I yeah, so that's that's uh really a lot of great insight there. I don't necessarily agree with the sort of universal truth that people don't like change because I think people cite wanting to change as a reason to leave something or wanted to do something different, but also it depends on the change, doesn't it? If you're currently deeply unhappy and something is going to change for the better, then that's a a good thing, isn't it? So it it it it's kind of uncertainty I think people don't like more than that.

SPEAKER_03

Yes, I agree actually. Yeah, I think you're absolutely right, and I guess the stats for from sort of Gartner that I quote, for example, and I guess a lot of the company change the internal communicators are involved with, let's face it, is isn't always positive or it's disruptive and so therefore can feel negative for a period of time until things settle. So, yes, I think you're absolutely right. And I think a lot of people don't like change. I don't think nobody likes change, but certainly I do.

SPEAKER_02

So yeah, so Rachel, I agree with that. I've got a brilliant story about a financial services merger where you basically said to the leadership, tell the employees first. So walk us through what happened and and why you pushed for that.

The Toothbrush Rule For Mergers

SPEAKER_03

Yeah, I I mean I think it's about the empathy thing, and I always try and imagine what are we going, what's going to happen to these people the day they hear this news that might scare them, might be a bit scary. And this is an example I call toothbrush, so I remember it if I'm prepping for an interview or something. So the context is I worked on a merger for a financial two financial services organisation, and there was understandable pressure to make the public announcement at a specific time of day due to the stock exchange requirements, which would have been before most of them had woken up in the morning. And my concern was with over 20,000 employees across two organisations, many of whom could eyeball each other across the high street in the opposing branches, so therefore there would be an understandable feeling of threat and fear between them. If they heard while they're brushing their teeth in the morning, getting ready for work, or hear it on the bus, they would arrive unsettled with no information and no preparation to face a queue of anxious customers at the door.
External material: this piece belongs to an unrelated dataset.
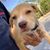 Gael Garcia's profile image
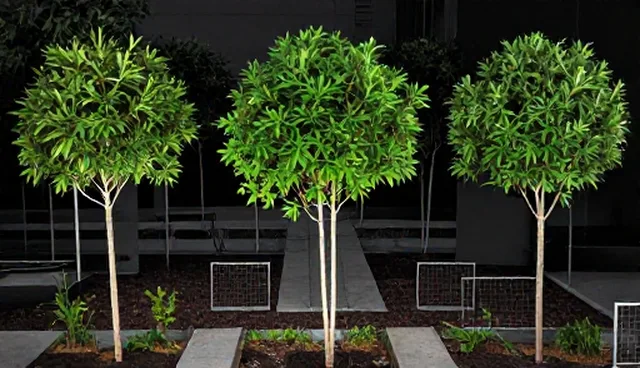 花卉绿植在企业绿化中的应用分析：场景适配与效果提升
Because in those days, if you remember savings passbooks, people would queue up and they'd want their passbook updated, and they'd have like I don't know 12 years worth of pages that you know the dot matrix printer updating it, and it would cause pandemonium, and the people just wouldn't if they wouldn't feel in a good position and they'd be worried about themselves, and they actually wouldn't have any answers either. So my recommendation was to delay the external announcement slightly to pre-warn branch managers under embargo to allow them to open half an hour late, put a sign on the window to say we were having staff training, to enable some briefing of staff and QA's that they could use with customers. The branch managers overnight didn't know what the announcement was, but at least we were able to show that we respected people enough to try our hardest to tell them first. Um, one of the directors promised me he would find a typo and so it wouldn't go to stock exchange till 9 a.m.

SPEAKER_02

So did you have any other pushback other than I mean, obviously that was a very kind thing for him to do to enable that to happen. But did you have any other pushback from other leadership?

SPEAKER_03

Yeah, it was the whole C-suite to be honest, because absolutely we must stick to stock exchange rules. But actually, if our contract wasn't signed and ready until 9, it was appropriate within the rules to announce it then. We didn't we weren't a listed company ourselves, so we didn't have to, you know, there weren't shareholders to be concerned about. So in that instance, so people were saying no, and they just thought I was trying to be, you know, do the do the fluffy stuff. But when I told the story, and this is where I talk about coming at empathy, tell them a little story so they have a little film of visual running in their head, they can actually realize if you arrive at work in that state, it's not going to go well, and your customers won't like it, and the press can say about how negative it was, and no one knew what was what to say. So it's and and it's not just me trying to influence, it's genuinely me trying to make it a better experience for the employees. But we should always be thinking about what's the impact on the wider business, and that would be on customer satisfaction, customer service, and potentially sort of reputation and and media. And I think the the bottom line for me is even when there is terrible pressure, or terrible pressure, a lot of pressure to do something to a certain time or in a certain way, there can sometimes be just a tiny way to find out that you could pay tell your people first, and the cost of not doing so in terms of trust and loyalty, I think, is far higher than the inconvenience of a little delay.

SPEAKER_00

Yeah, I think that's really good advice, and obviously appreciate that there was legal reasons around that, but I guess in a lot of organisations they're often trying to foster a sense of togetherness and things being non-hierarchical, and I suppose nothing's gonna kind of sever that quicker than that idea that you're the last to hear about some major announcement.

SPEAKER_03

Absolutely.

SPEAKER_02

And once you'd done it that way, Rachel, what was the what was different about how people experienced that?

SPEAKER_03

Obviously the news was still big and impactful, and some branches did close because you wouldn't want two branches of the same brand facing each other on the high street. So the change was still difficult, but I think it helps with people feeling respected and valued that you were honest and upfront with them, and I think that helps with loyalty and trust. I think it's really important. It's clearly still difficult, but at least it means you you still have their you still have them at the beginning, you haven't lost them immediately by just not bothering to tell them at all. It's how they would see it.

SPEAKER_00

Did you consider consider doing any A-B testing where you did tell some branches or didn't tell others? Well that that would give you the that would give you the case study data for the answer to Sarah's question.

SPEAKER_03

Yeah, not wanting to break the embargo, uh, that's not something I was prepared to risk. I don't think I could have pushed it that far. But nice idea.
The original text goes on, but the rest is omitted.